We can’t know the true benefit of the Super Bowl unless we know its cost

“Minnesota Super Bowl adds $400 million to economy”

So said a headline in the Grand Forks Herald yesterday. As MPR News reports

Organizers of Super Bowl 52 say the game and its visitors netted the region $370 million in local spending during the run up to the Feb. 4 game in Minneapolis between the Eagles and Patriots.

A report released Tuesday estimated $450 million in local spending during the game — minus the money that visitors to Minnesota would have spent without a Super Bowl — brought in $370 million in new spending. Experts hired by the Super Bowl Host Committee say that money circulated through the local economy for an estimated impact of $400 million.

Sounds great, doesn’t it? Well, a couple of things.
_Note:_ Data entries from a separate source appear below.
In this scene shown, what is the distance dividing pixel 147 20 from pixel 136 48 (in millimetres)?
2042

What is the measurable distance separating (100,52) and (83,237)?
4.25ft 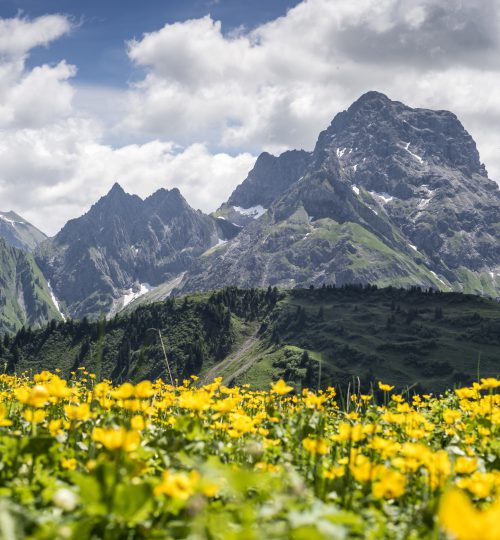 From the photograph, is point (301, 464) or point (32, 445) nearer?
point (32, 445)

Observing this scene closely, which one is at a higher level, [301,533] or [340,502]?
[301,533]

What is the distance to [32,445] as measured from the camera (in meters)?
4.95

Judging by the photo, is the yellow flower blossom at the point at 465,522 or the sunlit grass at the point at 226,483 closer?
the yellow flower blossom at the point at 465,522

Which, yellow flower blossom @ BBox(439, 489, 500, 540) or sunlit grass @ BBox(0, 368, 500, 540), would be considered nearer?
yellow flower blossom @ BBox(439, 489, 500, 540)

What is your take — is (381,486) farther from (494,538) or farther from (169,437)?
(169,437)

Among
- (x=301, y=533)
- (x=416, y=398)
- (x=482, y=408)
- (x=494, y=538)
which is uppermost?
(x=494, y=538)

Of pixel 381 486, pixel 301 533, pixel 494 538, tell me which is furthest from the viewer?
pixel 381 486

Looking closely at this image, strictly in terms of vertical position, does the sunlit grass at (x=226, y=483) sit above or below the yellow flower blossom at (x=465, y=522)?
below

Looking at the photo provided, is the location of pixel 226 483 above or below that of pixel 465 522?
below

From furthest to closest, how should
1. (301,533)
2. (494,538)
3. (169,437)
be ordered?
(169,437) < (301,533) < (494,538)

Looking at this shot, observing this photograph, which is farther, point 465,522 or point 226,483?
point 226,483

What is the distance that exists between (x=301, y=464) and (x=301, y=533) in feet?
11.9

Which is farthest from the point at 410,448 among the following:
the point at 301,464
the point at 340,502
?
the point at 301,464

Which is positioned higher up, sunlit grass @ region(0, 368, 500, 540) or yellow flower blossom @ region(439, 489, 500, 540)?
yellow flower blossom @ region(439, 489, 500, 540) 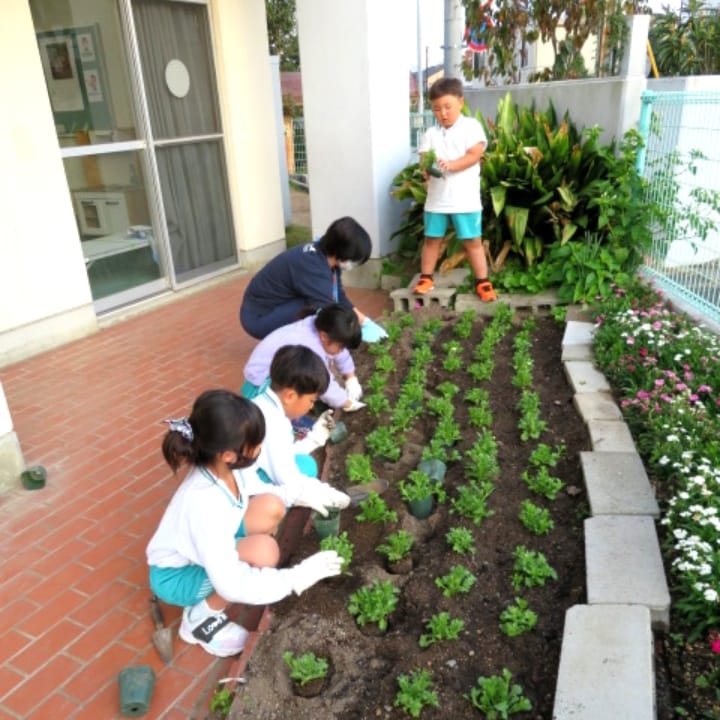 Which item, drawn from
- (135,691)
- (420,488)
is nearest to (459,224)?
(420,488)

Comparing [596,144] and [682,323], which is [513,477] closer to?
[682,323]

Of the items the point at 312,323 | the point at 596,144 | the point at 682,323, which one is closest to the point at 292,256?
the point at 312,323

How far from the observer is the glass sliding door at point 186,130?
19.4ft

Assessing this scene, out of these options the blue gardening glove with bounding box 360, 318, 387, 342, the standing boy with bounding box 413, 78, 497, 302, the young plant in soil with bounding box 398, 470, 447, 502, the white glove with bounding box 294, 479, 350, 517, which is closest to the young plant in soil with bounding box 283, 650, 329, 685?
the white glove with bounding box 294, 479, 350, 517

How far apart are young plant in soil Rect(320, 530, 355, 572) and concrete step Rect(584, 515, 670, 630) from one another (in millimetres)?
890

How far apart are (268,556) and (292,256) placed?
83.1 inches

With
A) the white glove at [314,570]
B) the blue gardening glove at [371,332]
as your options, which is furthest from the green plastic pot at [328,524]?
the blue gardening glove at [371,332]

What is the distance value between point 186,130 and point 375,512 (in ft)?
15.6

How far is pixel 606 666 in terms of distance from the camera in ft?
6.51

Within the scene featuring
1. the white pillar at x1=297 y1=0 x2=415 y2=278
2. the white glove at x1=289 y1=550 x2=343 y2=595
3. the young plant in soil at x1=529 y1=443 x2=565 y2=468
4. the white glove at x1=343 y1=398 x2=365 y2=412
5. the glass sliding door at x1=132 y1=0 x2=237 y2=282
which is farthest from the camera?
the glass sliding door at x1=132 y1=0 x2=237 y2=282

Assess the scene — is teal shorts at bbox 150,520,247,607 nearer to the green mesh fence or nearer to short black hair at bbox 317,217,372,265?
short black hair at bbox 317,217,372,265

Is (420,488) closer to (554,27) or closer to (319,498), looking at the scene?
(319,498)

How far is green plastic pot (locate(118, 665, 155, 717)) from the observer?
2.14 meters

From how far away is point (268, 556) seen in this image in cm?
238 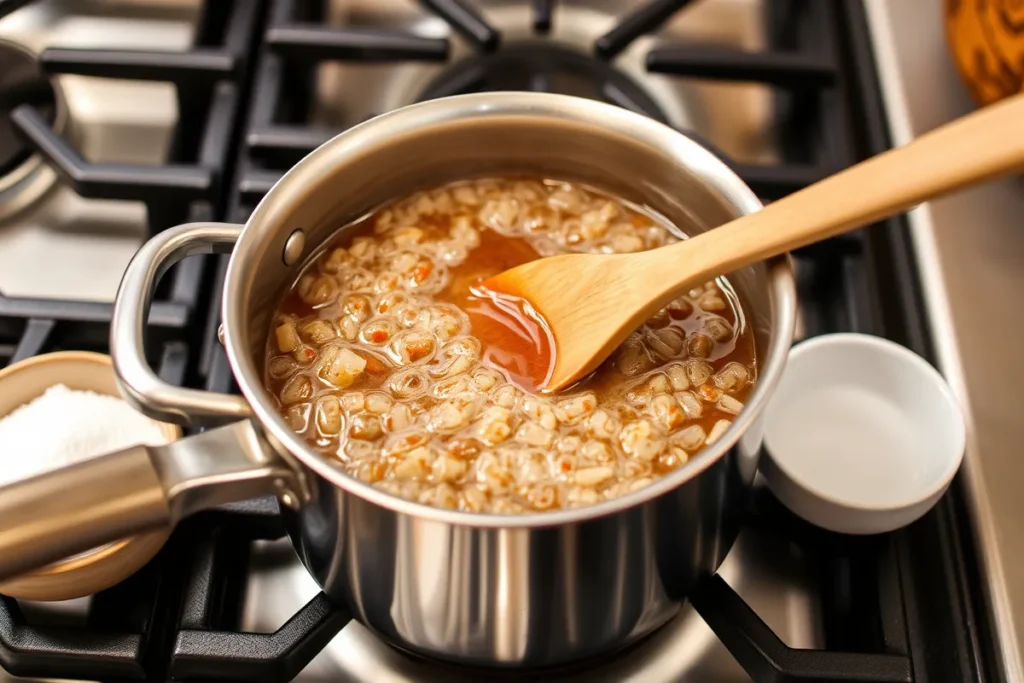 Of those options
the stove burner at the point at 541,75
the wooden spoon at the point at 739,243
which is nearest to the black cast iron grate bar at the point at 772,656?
the wooden spoon at the point at 739,243

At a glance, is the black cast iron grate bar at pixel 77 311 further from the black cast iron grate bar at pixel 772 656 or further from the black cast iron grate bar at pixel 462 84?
the black cast iron grate bar at pixel 772 656

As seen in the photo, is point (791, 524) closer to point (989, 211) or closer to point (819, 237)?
point (819, 237)

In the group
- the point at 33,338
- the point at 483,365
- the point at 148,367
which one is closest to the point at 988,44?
the point at 483,365

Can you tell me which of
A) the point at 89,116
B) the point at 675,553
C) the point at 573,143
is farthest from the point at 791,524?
the point at 89,116

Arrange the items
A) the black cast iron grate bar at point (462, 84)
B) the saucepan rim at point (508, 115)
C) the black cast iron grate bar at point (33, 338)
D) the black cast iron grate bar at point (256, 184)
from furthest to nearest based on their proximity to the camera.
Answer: the black cast iron grate bar at point (462, 84), the black cast iron grate bar at point (256, 184), the black cast iron grate bar at point (33, 338), the saucepan rim at point (508, 115)

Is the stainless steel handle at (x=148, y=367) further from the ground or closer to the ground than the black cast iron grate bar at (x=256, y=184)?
further from the ground

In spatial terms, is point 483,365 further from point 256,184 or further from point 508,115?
point 256,184

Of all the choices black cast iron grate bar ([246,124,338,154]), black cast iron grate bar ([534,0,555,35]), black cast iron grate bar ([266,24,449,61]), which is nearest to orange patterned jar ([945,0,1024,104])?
black cast iron grate bar ([534,0,555,35]) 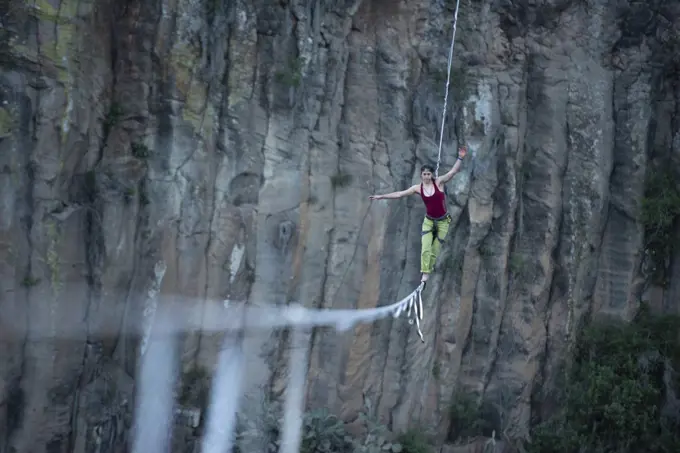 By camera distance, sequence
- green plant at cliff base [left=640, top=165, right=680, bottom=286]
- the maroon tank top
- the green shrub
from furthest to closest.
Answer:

First, is this extra money for Minnesota? MPR News quotes College of the Holy Cross economist Victor Matheson who points out that

The sale of an Eagles jersey, he contends, is mostly profit to the NFL and the manufacturer, with some retail markup. And since Minnesota nixed a tax on sports memorabilia in the stadium finance debate and doesn’t tax clothing, local and state coffers wouldn’t net much.

Even hotel revenue mostly goes to out-of-state chains. “Spending does not equal income,” Matheson said in an email, after reviewing the Rockport report.

Second, what about the cost? As MPR notes, “Gov. Mark Dayton and lawmakers committed $498 million in public money to help pay for a new facility for the Vikings in 2012”. We have to offset these costs against the benefits. As I’ve written before, we have to think of all the extra spending and jobs that would have been generated if that $498 million in taxpayers money had been spent on something else. Or, better yet, if it had been left with the taxpayers who earned it to spend as they thought best.

Nobody likes to be a party pooper, but public policy must take into account what is not seen as well as what is seen.

John Phelan is an economist at the Center of the American Experiment.